* _RECORDS FOR THE EXERCISE_:
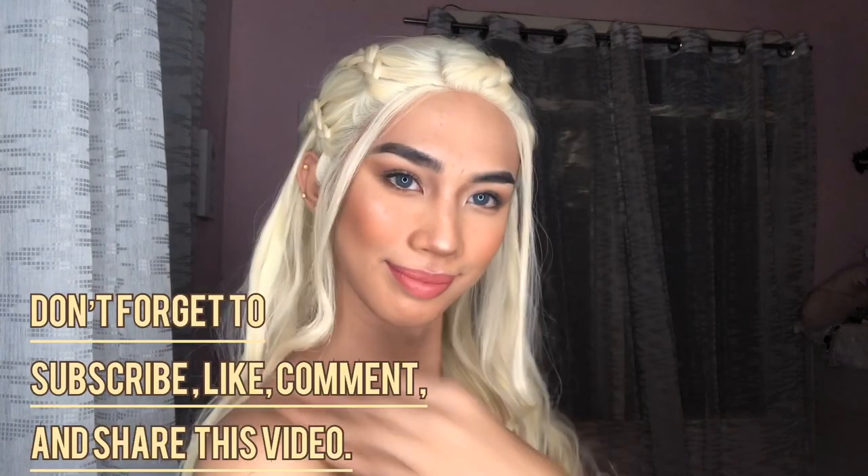And I'm gonna do my hair now. This is the final result of my Daenerys Targaryen look! Thank you so much to Norman Erod, Mitch Balusters, and Sheena G for this video idea. Don't forget to subscribe, like, and comment down below, and follow me on my social media accounts.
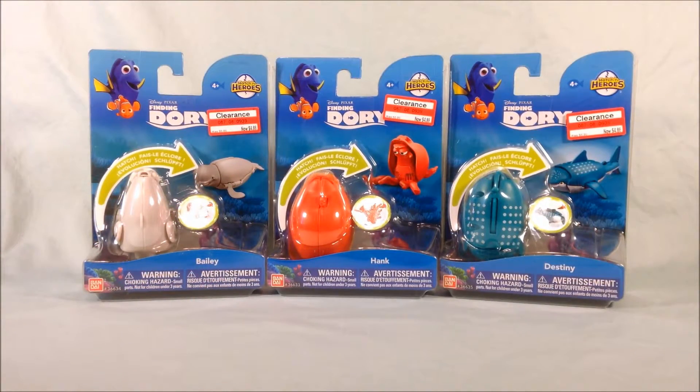Hello everyone and welcome to Long's Toys. I have some more Hatchin' Heroes here to review for you today. These three are all from the most recent Disney Pixar movie, Finding Dory.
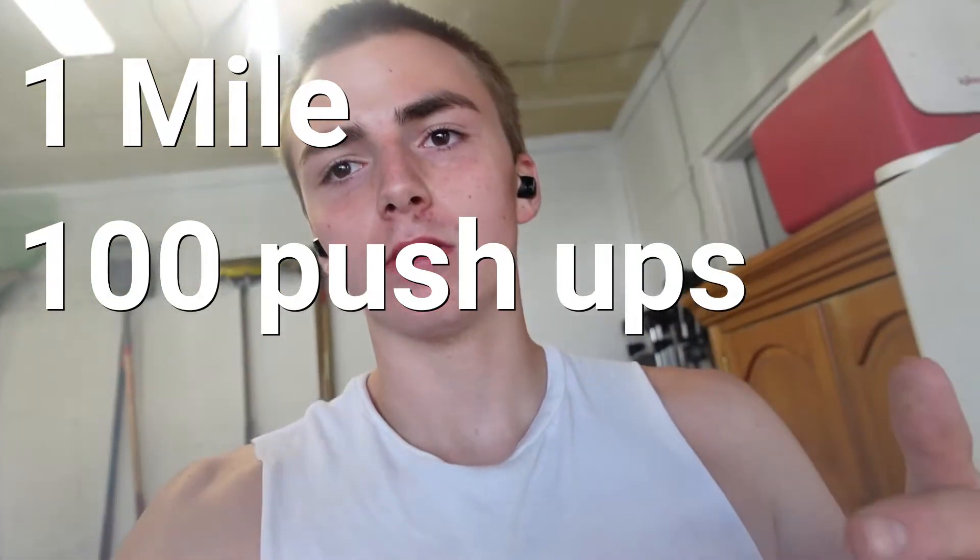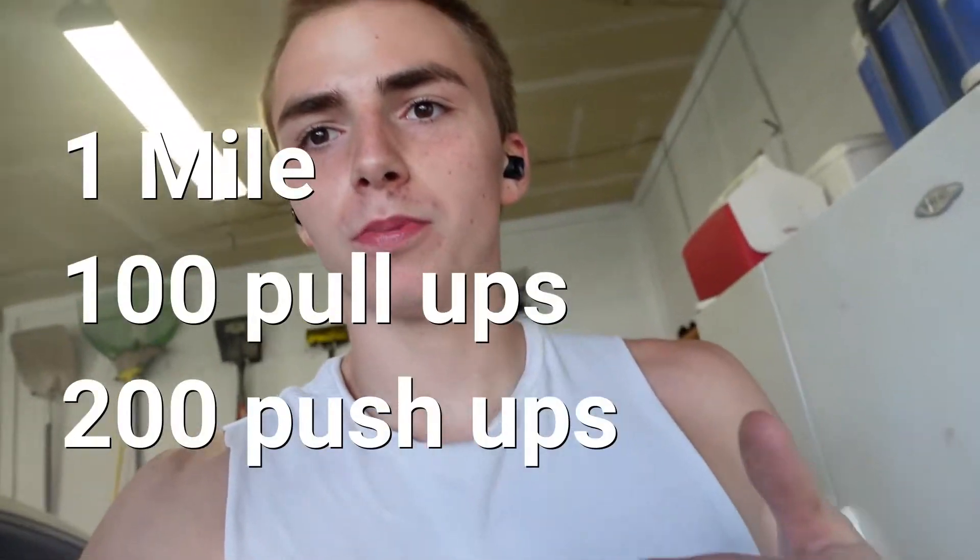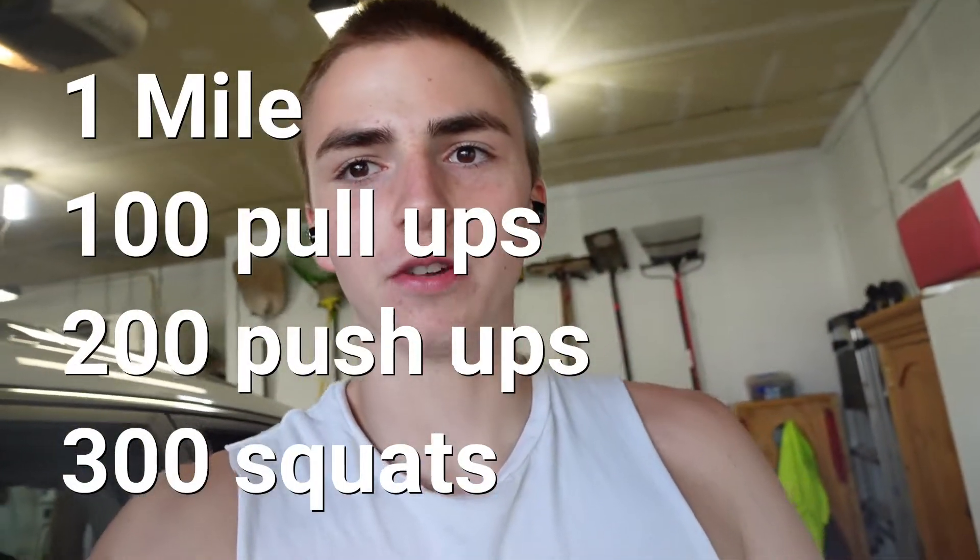Today we are doing a Murph challenge, which is running a mile, doing 100 pull-ups, 200 push-ups, and then 300 squats, and then running another mile. Lucky for me my gym is exactly a mile away from my house, so we are going to run to my gym from here.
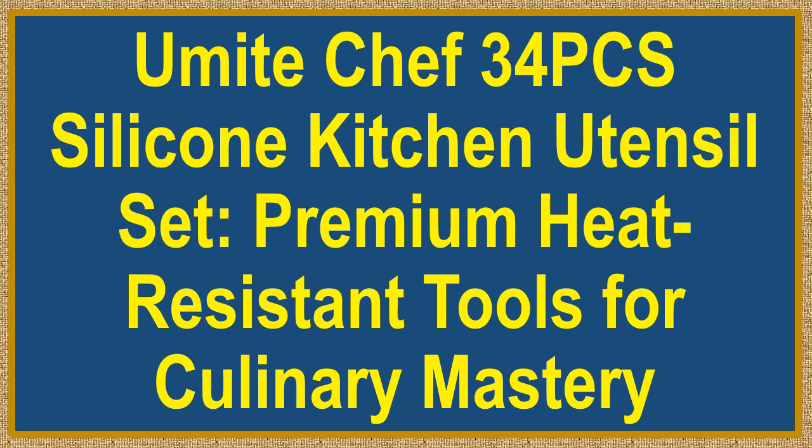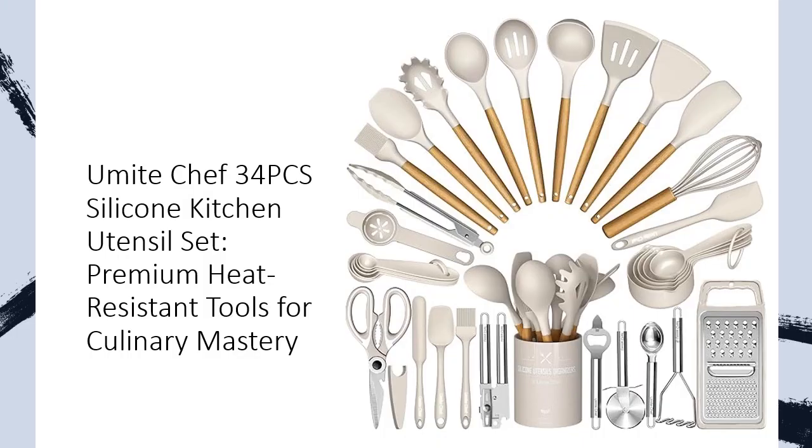You Might Chef 34 Pieces Silicone Kitchen Utensil Set — premium heat-resistant tools for culinary mastery. Transform your cooking experience with the You Might Chef Silicone Kitchen Utensil Set, featuring a comprehensive 34-piece collection.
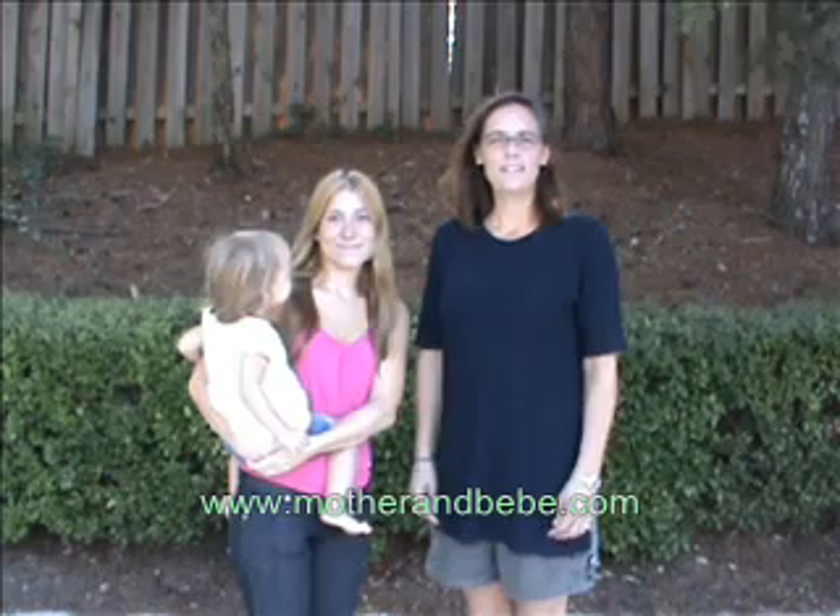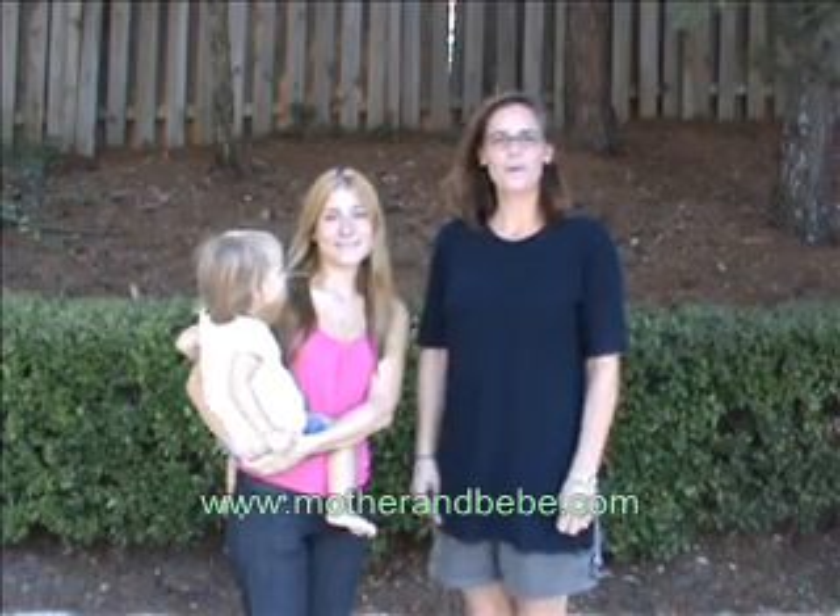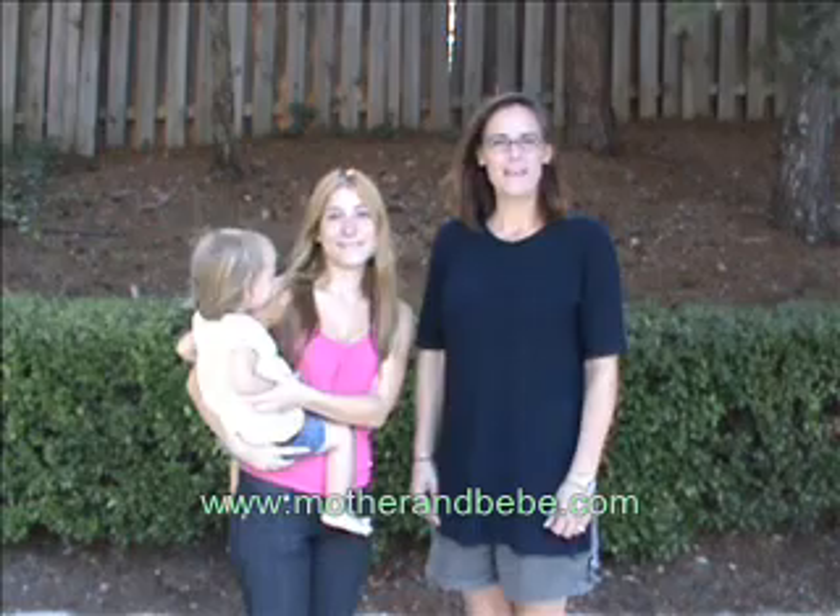This is Andrea. I am from Atlanta, Georgia, and she is from Buenos Aires, Argentina. Welcome to Mother and Bebe.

* _WHAT IS NEEDED_:
Nothing should appear in the answer except the lines from the first line of the data through the line holding "Today we are", exactly as written, with pictures left out.

* _PROBLEM SOLUTION_:
And I'm gonna do my hair now. This is the final result of my Daenerys Targaryen look! Thank you so much to Norman Erod, Mitch Balusters, and Sheena G for this video idea. Don't forget to subscribe, like, and comment down below, and follow me on my social media accounts.
Hello everyone and welcome to Long's Toys. I have some more Hatchin' Heroes here to review for you today. These three are all from the most recent Disney Pixar movie, Finding Dory.
Today we are doing a Murph challenge, which is running a mile, doing 100 pull-ups, 200 push-ups, and then 300 squats, and then running another mile. Lucky for me my gym is exactly a mile away from my house, so we are going to run to my gym from here.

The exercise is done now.